Tracy, acteur filiforme gorgé d’énergie brute, est ici un bateleur de fête foraine qui, après une soirée qui se termine mal, part avec son pote roi de l’évasion (l’indispensable Eugene Pallette) et la fougueuse « Mexicaine » (Lupe Velez) direction Broadway, où il espère bien faire de la belle une star.
« Espérer » n’est d’ailleurs pas le mot qui convient : Tracy a une confiance en lui, un culot et une force de persuasion assez incroyables. Et il obtient très exactement ce qu’il cherche. Mais la célébrité et la richesse ont leur revers, etc, etc… On voit bien où La Cava veut arriver : l’argent et la gloire ne font pas le bonheur, et une suite luxueuse d’un grand palace ne remplacera jamais la bonne vieille sciure d’une piste de cirque.
Qu’importe : l’important n’est pas le but, mais le chemin. Et ce chemin est totalement fou. En 1h15, on assiste à l’ascension et la chute d’un artiste, à l’arrivée d’une princesse turque, à un défilé de nudiste dans les rues de New York, à l’irruption d’un lion dans une suite impériale… Et pendant 1h15, Lee Tracy est une tornade bondissante, à qui rien ne résiste, et surtout pas le pauvre Frank Morgan, grand homme de théâtre dépassé par ce type que rien n’arrête, et qui le pousse au bord de la dépression nerveuse.

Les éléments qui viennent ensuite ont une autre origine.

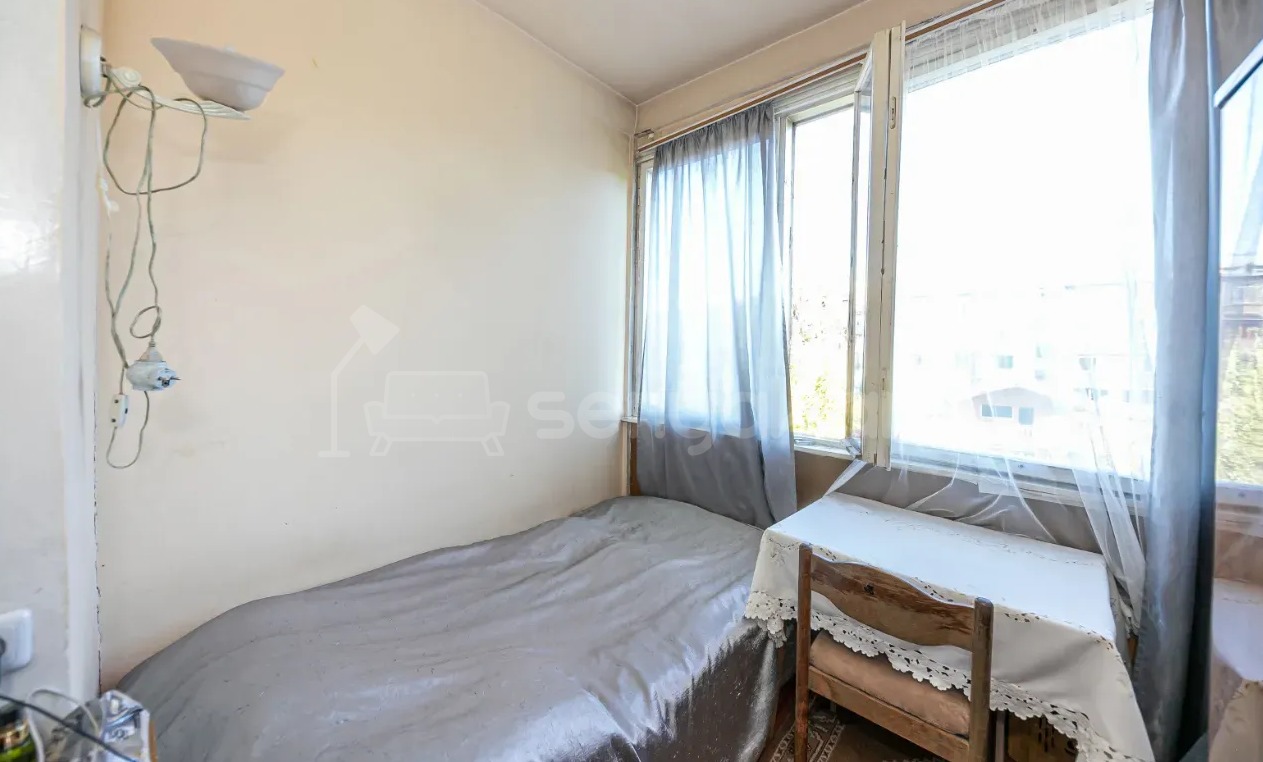 2 Սենյականոց Բնակարան Քարե Շենքում, 41քմ, 4/5 հարկ, Պետական Վիճակում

Les paillettes, le monde du spectacle et celui de la presse, en prennent un sacré coup au passage.
Co-scénariste et réalisateur, La Cava est constamment inspiré. Dès la première séquence, qui nous plonge littéralement dans le bain : la caméra filme en plongée vertigineuse (c’est le cas de le dire) un homme plongeant de trente mètres de haut dans un mètre cinquante d’eau. Le plan est saisissant, comme toute l’introduction, où La Cava utilise à merveille toutes les possibilités de son décor de foire.
Suivent quelques éclats de génie, comme cette utilisation exceptionnelle de la bande son dans une scène clé du film, lorsque Lee Tracy se retrouve seul, sans ses proches, et où le moindre bruit lui évoque les musiques de la fête foraine. C’est tout simplement brillant.
Impressionnant aussi de voir à quel point, en 1932, La Cava maîtrise déjà tout du cinéma parlant : le rythme des dialogues, la bande son… Injustement ignoré au profit de Lubitsch ou Capra, La Cava est un cinéaste tout aussi passionnant, plus « canaille » et acerbe, et tout aussi drôle. Et ce Half-Naked truth, comme My Man Godfrey, son film le plus célèbre, est un chef d’œuvre.